Apparently, some great relief pitching by both teams and game-saving (at the time) DP’s started by Brad Ausmus and Morgan Ensberg don’t count for much. In the opinon of ESPN’s Buster Olney, Tuesday night’s marathon was “just awful baseball”.

The actual baseball was terrible, with the pitchers dominating hitters in a way you rarely see except in games when some of the players haven’t advanced through puberty yet.

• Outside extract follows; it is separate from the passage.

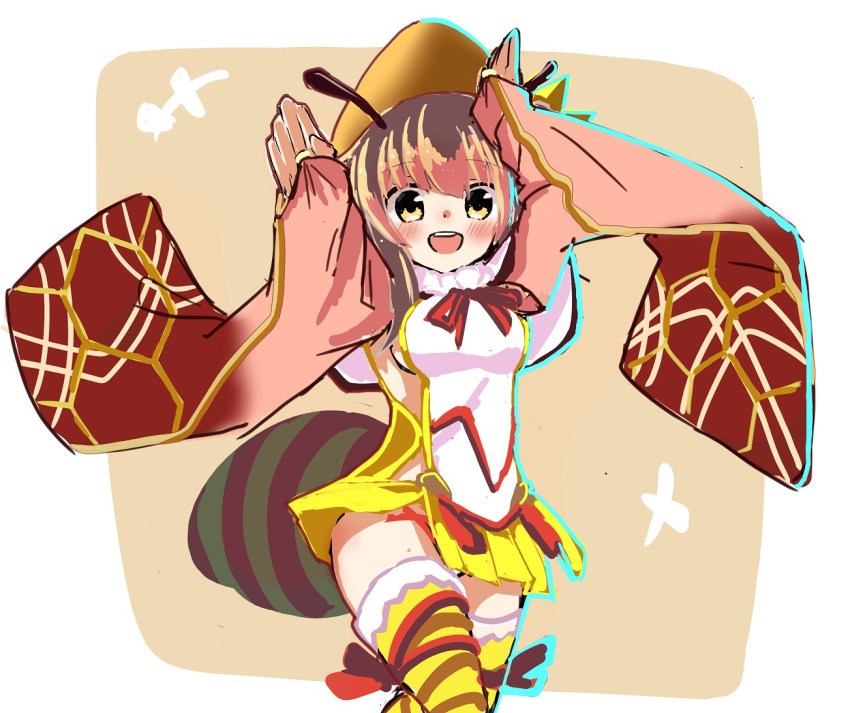 1girl antennae arthropod_girl atsushi_(aaa-bbb) awa_odori_tokushima bee_girl bee_print blush brown_hair clothing_cutout fur_collar hachisuka_masatsune_(tenka_hyakken) hands_up hip_vent honeycomb_(pattern) insect_girl long_sleeves notice_lines open_mouth print_sleeves red_ribbon ribbon sidelocks sketch skirt solo stinger teeth tenka_hyakken thighhighs torioigasa upper_teeth_only wide_sleeves yellow_eyes yellow_skirt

To say that the Astros’ hitting was ineffective would be like suggesting that Enron had an accounting problem. The Houston batters — seemingly pressing to the point of being numb — rarely even hit the ball hard. Some of that was due to the stuff of Bobby Jenks and the guile of Orlando Hernandez, but there were multiple situations in which all the Astros needed was a groundball of 100 feet, a fly ball of 250 feet. Anything. Houston had one hit in its last 33 at-bats. It wasn’t as if the White Sox fielders were diving all over the place and making great plays, the way they did against the Red Sox in the first round. If they had, the game could have been a classic. The Astros just generated a lot of bad at-bats. It was if the fans at Minute Maid Park weren’t sure how to react. The fans stood, inning after inning, cheering and then going quiet, time and again.

The writers in the press box were tortured, as well. Deadline after deadline passed and as time went on, the number of writers standing at their computers grew, many of them having been told that the last run of their newspapers had begun, and there was no chance to get their stories in the morning paper. But then, nobody was really complaining. Unless you were writing for the papers in Chicago and Houston, there really wasn’t much compelling in Game 3, even as the list of broken records — most pitchers used, longest game by time, etc. — lengthened.

The instant that Blum’s homer cleared the right field fence, the noise made by the 30 guys in the White Sox dugout hovered over all of them.

So there you have it. A battle between the AL and NL champs — with both clubs working their way out of jams right until the very end — actually sucked, because journalists were missing their deadlines (indeed, the press area in the left field grandstand had cleared out well before the 14th inning — nice seats, too). If the Astros struggled to execute against the likes of El Duque and Jenks, well, should a World Series hopeful really have their season riding on Orlando Palmiero? You could say the same of Geoff Blum, really.

Anyhow, this game was so boring that “SportsCenter” devoted its entire opening 10 minutes Wednesday night to recapping the key plays — highlights they’re usually able to cram into a few minutes, max.

Local radio in these parts was dominated by guys whose programs didn’t start until 3pm, complaining about how hard it was to stay up. Which is a nice twist for a future Phil Mushnick column ; the real problem causing games to run late isn’t MLB’s corporate greed. Rather, it’s the Houston Astros’ inability to score any runs.